Write the data out in full and word for word. Do not include images.

(STORED DATA)

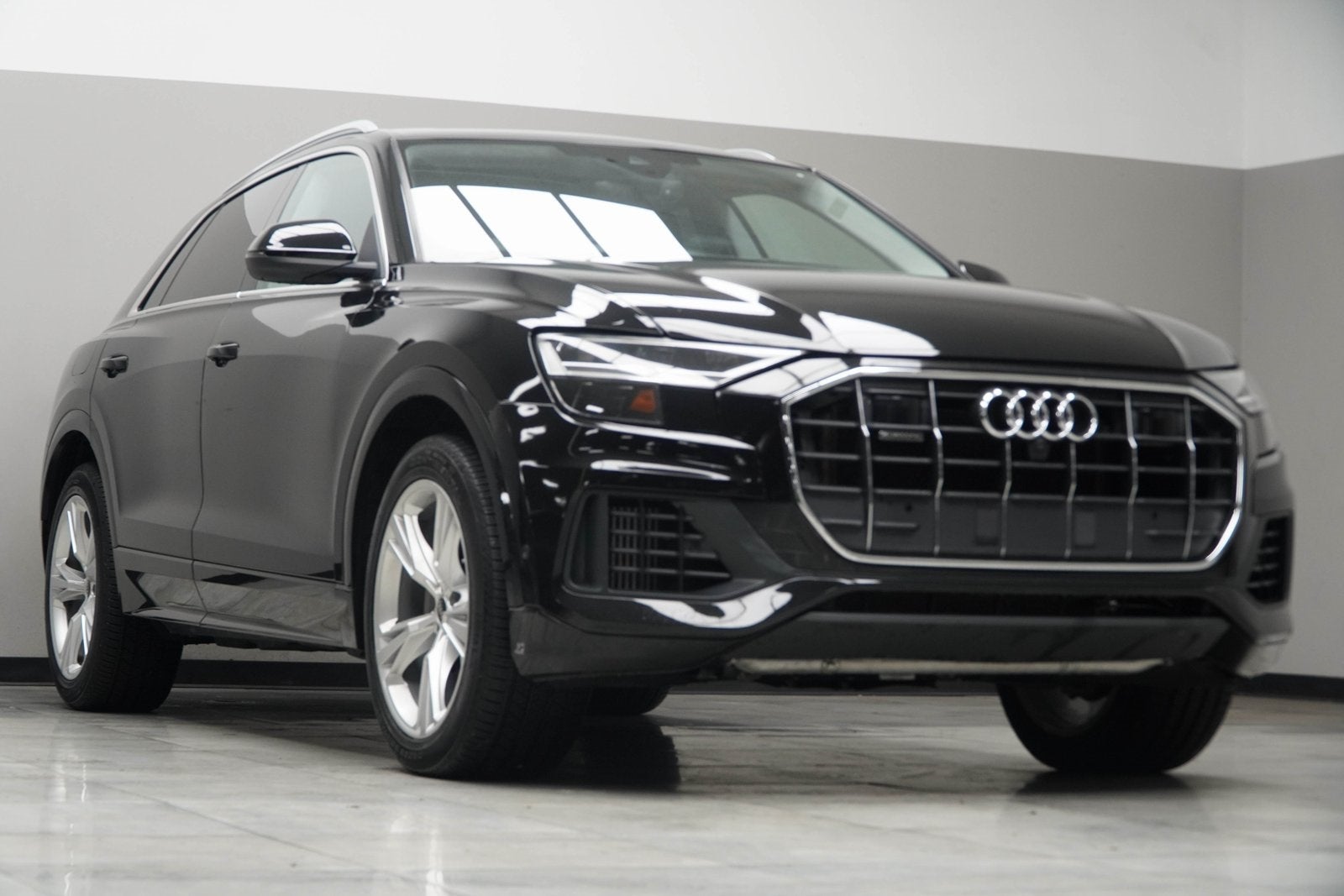 2022 Audi Q8 55 Premium Plus quattro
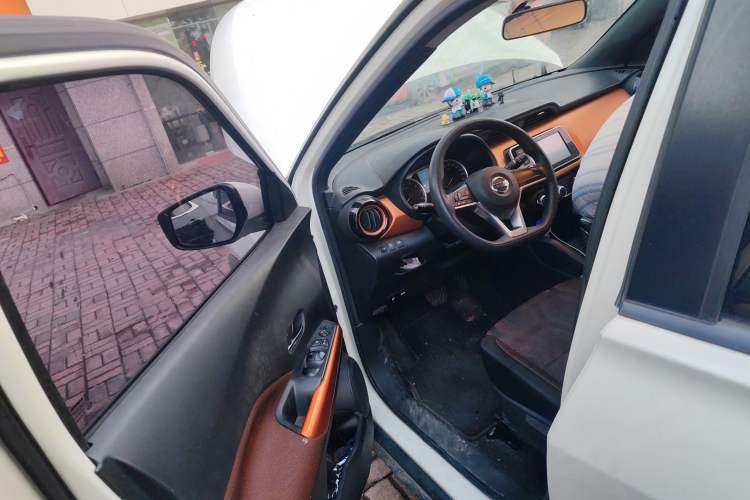 Used Nissan Kicks 2017 1.5L CVT Cool Enjoy Edition Driver Seat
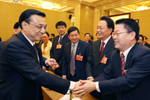 李克强看望经济、农业界委员并参加联组会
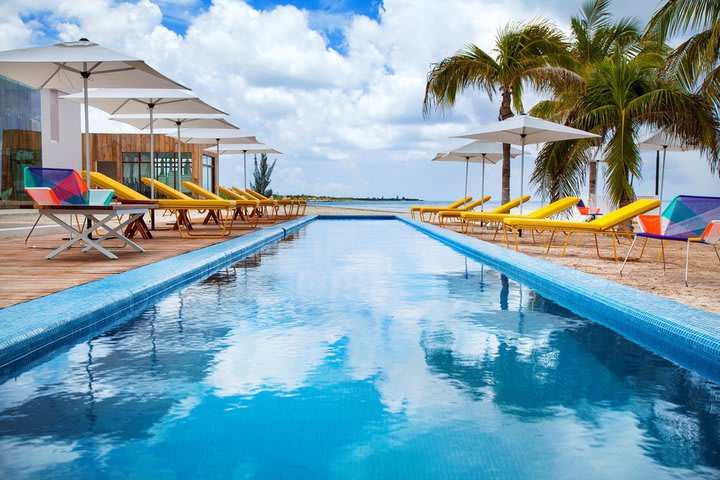 En la playa privada también hay una piscina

(End STORED DATA)

RESPONSE BOX:
 2022 Audi Q8 55 Premium Plus quattro
 Used Nissan Kicks 2017 1.5L CVT Cool Enjoy Edition Driver Seat
 李克强看望经济、农业界委员并参加联组会
 En la playa privada también hay una piscina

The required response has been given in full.